女優の黒木華がヒロインの星野茉莉を演じる連続ドラマ「銀河の一票」(カンテレ・フジテレビ系、月曜午後10時)で、転落死したとされる新座値利と、与党・民政党の秘書・藤堂昴(倉悠貴)の関係をめぐり、視聴者の間で考察が盛り上がっている。
「新座値利」生存説が浮上
22日に放送された第10話で、選挙戦が始まった。レジェンド声優の白鳥光留(日髙のり子)がウグイス嬢を務めるなど、注目を集める月岡あかり(野呂佳代)陣営は地道な草の根選挙を展開。一方の民政党が公認する日山流星(松下洸平)陣営は、それとは対照的に組織票固めに徹した。
そんな折、流星は秘書の藤堂から、茉莉の父で同党の幹事長の鷹臣(坂東彌十郎)が「殺した」とされる医大の学部長・新座に関する報告書を受け取る。「おそらくビンゴかと」という藤堂に、流星は険しい表情を浮かべた。昴は「ザネリって悪役なんですか?」と問いかける。流星は「違う、違うよ」と否定した。
「ザネリ」とは、宮沢賢治の小説「銀河鉄道の夜」に登場するいじめっ子の名前。第9話(15日放送)で、流星は、いつも通う古書店で「銀河鉄道の夜」が棚からなくなっていることに気づき、店主に「売れたのか?」と尋ねた。店主は「はい、先月です」と答え、購入者は子供の頃からこの本が嫌いだったようだと説明。理由を聞かれると、「悪役の名前」が自分の名前に入っているからだと言っていたと明かした。その言葉を聞いた瞬間、流星の表情が一変。殺害されたとされる学部長の名前には、「ザネリ」の文字が含まれており、このやり取りをきっかけに、視聴者の間で学部長の生存説が浮上している。
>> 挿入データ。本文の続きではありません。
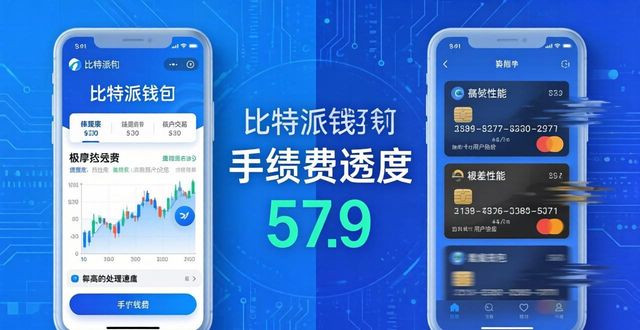 比特派钱包的优势:从官网下载与使用体验_2021比特派钱包使用视频_比特派钱包是冷钱包吗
そして視聴者は第10話で描かれた流星と藤堂の会話に注目。SNSに
「ザネリと昴はなんか関係あるの…?」
「意味深すぎる」
「昴も流星も気になる会話」
といった反響が寄せられた。また、昴がザネリのことを気にかけている様子から、
「ザネリと昴は親子なのか?」
「昴はザネリと血縁関係にあるのかな」
と2人が血縁関係あると疑う人もいる。
「銀河の一票」とは?
政治家の不正を密告する告発文をきっかけに、与党幹事長の娘で秘書を務めていた星野茉莉(黒木)がすべてを失い、偶然出会った政治素人のあかりを都知事にすべく選挙に挑む50日間を描く。「カルテット」(TBS系)や「大豆田とわ子と三人の元夫」「エルピス―希望、あるいは災い―」(いずれもカンテレ)などの佐野亜裕美プロデューサーが手がけるオリジナル作で、「しずかちゃんとパパ」「舟を編む ~私、辞書つくります~」(いずれもNHK)などで知られる蛭田直美さんが脚本を担当する。